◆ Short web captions
--- --- ---
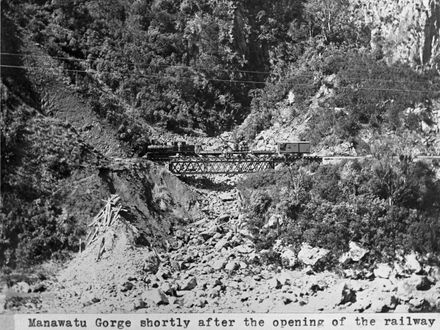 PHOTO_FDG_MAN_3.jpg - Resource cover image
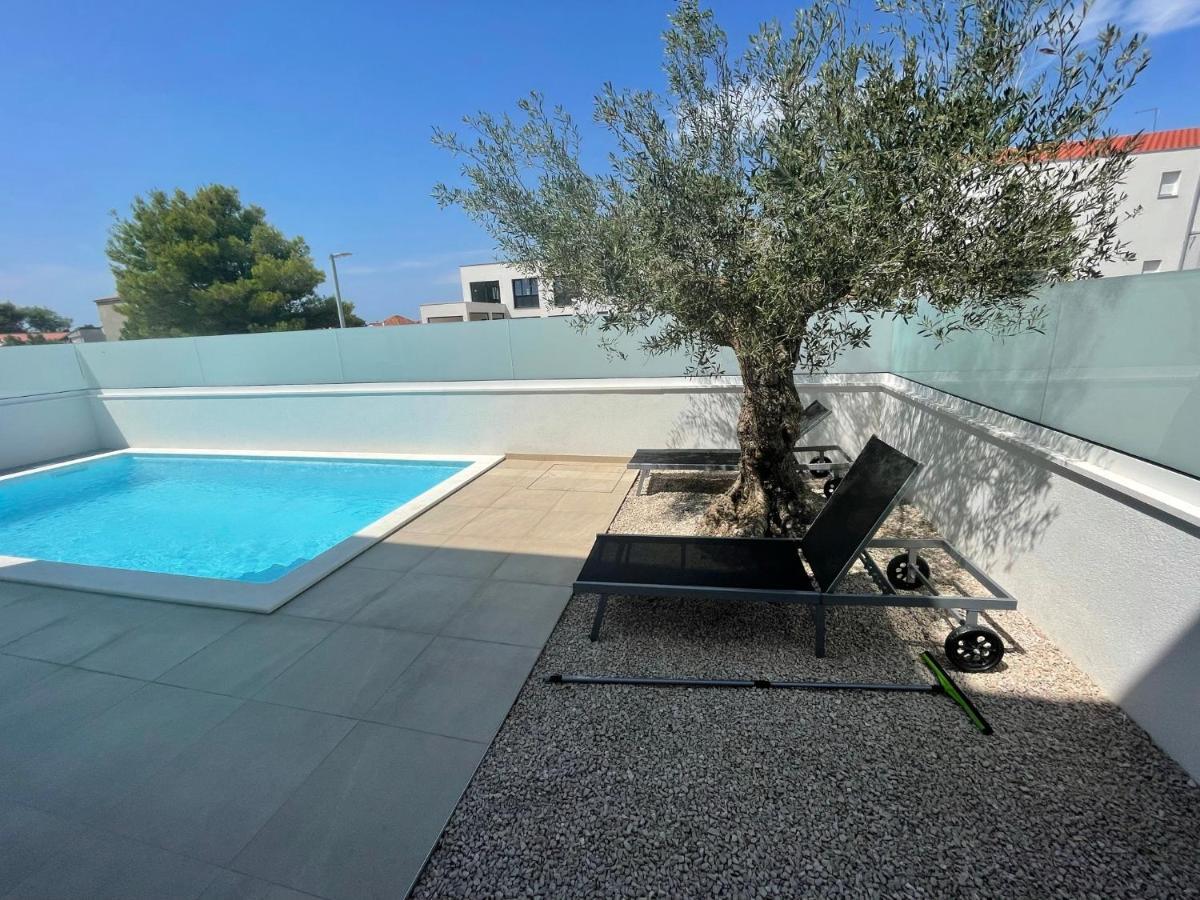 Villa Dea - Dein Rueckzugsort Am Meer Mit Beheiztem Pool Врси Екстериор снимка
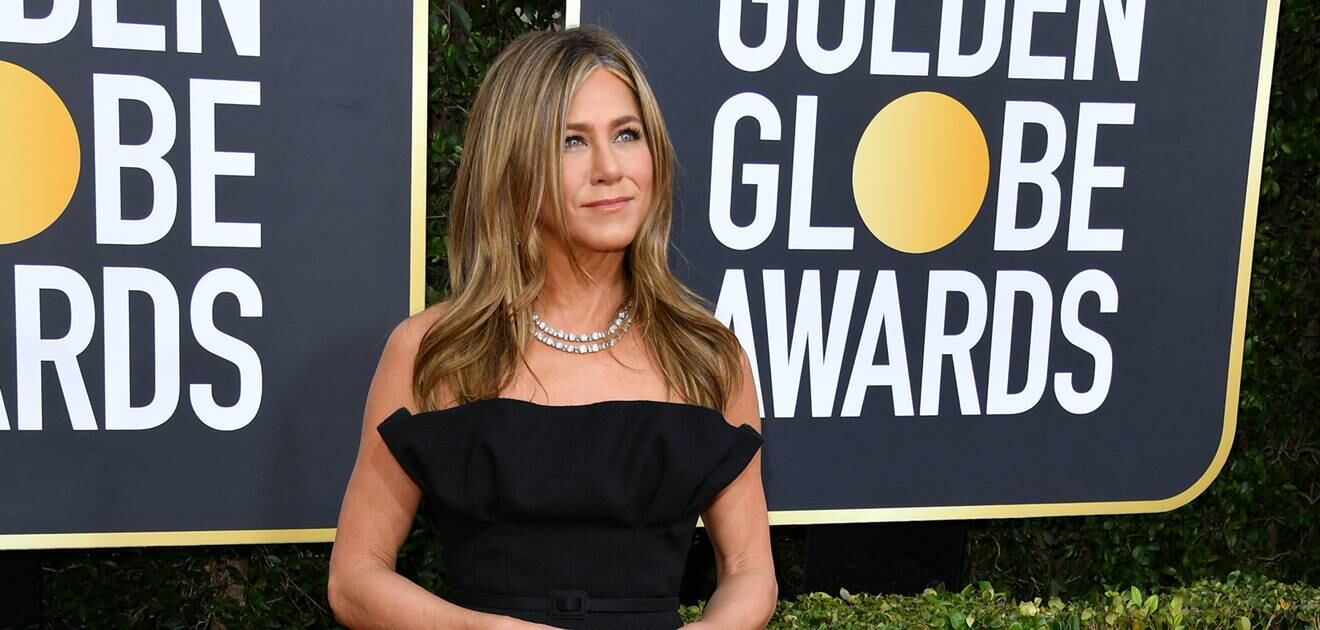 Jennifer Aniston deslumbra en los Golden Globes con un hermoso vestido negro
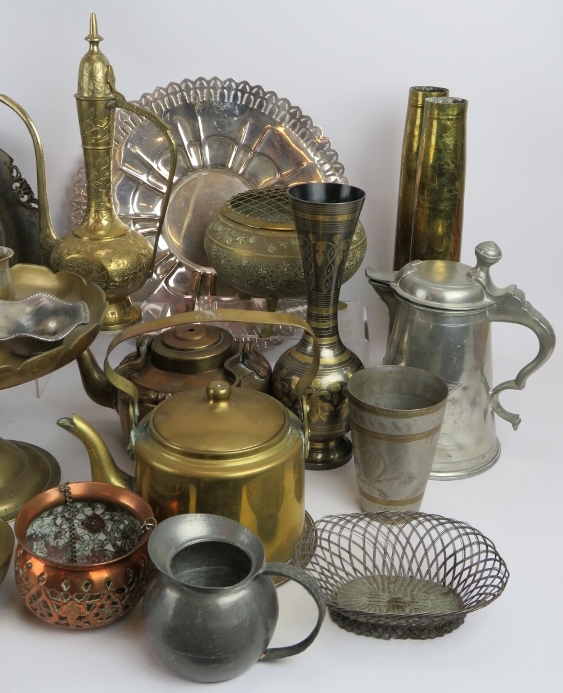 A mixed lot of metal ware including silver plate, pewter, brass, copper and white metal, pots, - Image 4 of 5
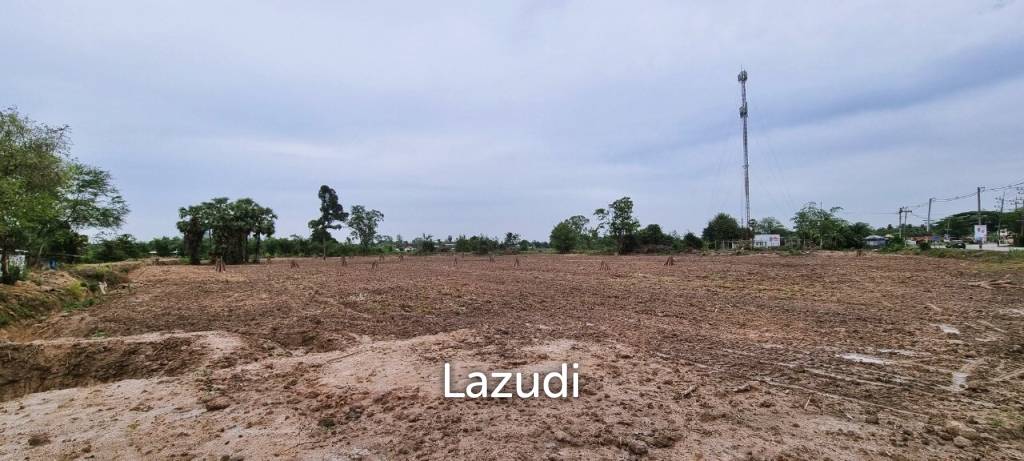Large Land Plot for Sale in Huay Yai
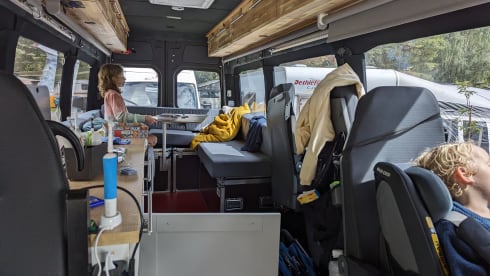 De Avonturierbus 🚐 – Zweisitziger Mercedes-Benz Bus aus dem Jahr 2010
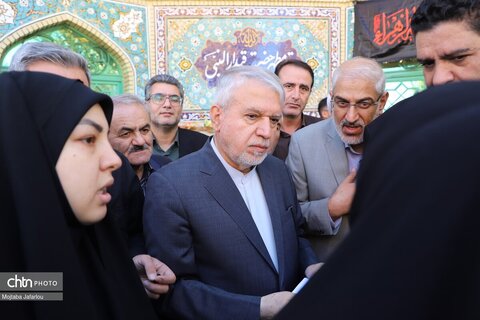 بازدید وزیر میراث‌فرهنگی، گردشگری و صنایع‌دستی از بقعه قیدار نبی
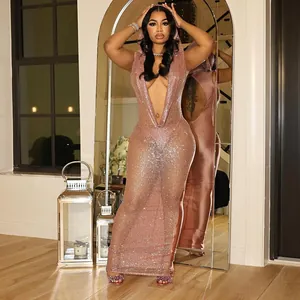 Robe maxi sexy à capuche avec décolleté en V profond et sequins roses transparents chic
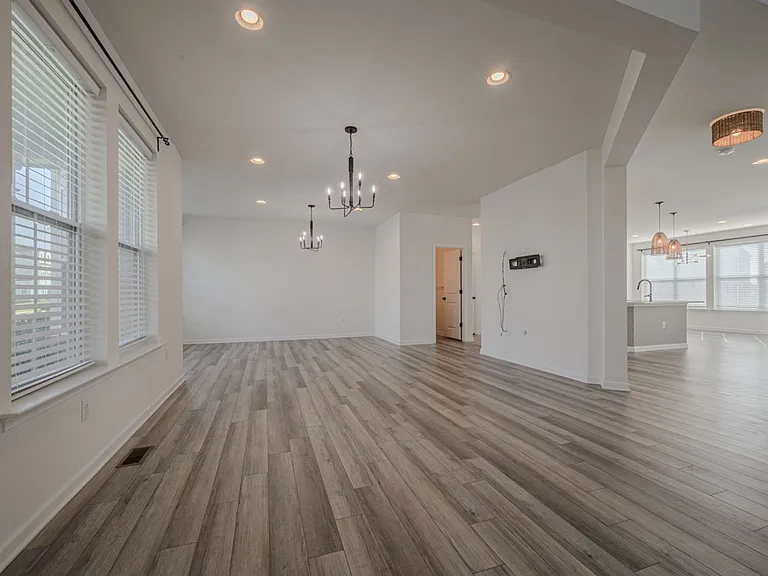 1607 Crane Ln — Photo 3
--- --- ---
◆ PROBLEM
Please copy exactly the lines from the one containing "بازدید وزیر میراث‌فرهنگی،" through the last line of the records above, both included, and leave out any pictures.

◆ OUTPUT OF THE TASK
 بازدید وزیر میراث‌فرهنگی، گردشگری و صنایع‌دستی از بقعه قیدار نبی
 Robe maxi sexy à capuche avec décolleté en V profond et sequins roses transparents chic
 1607 Crane Ln — Photo 3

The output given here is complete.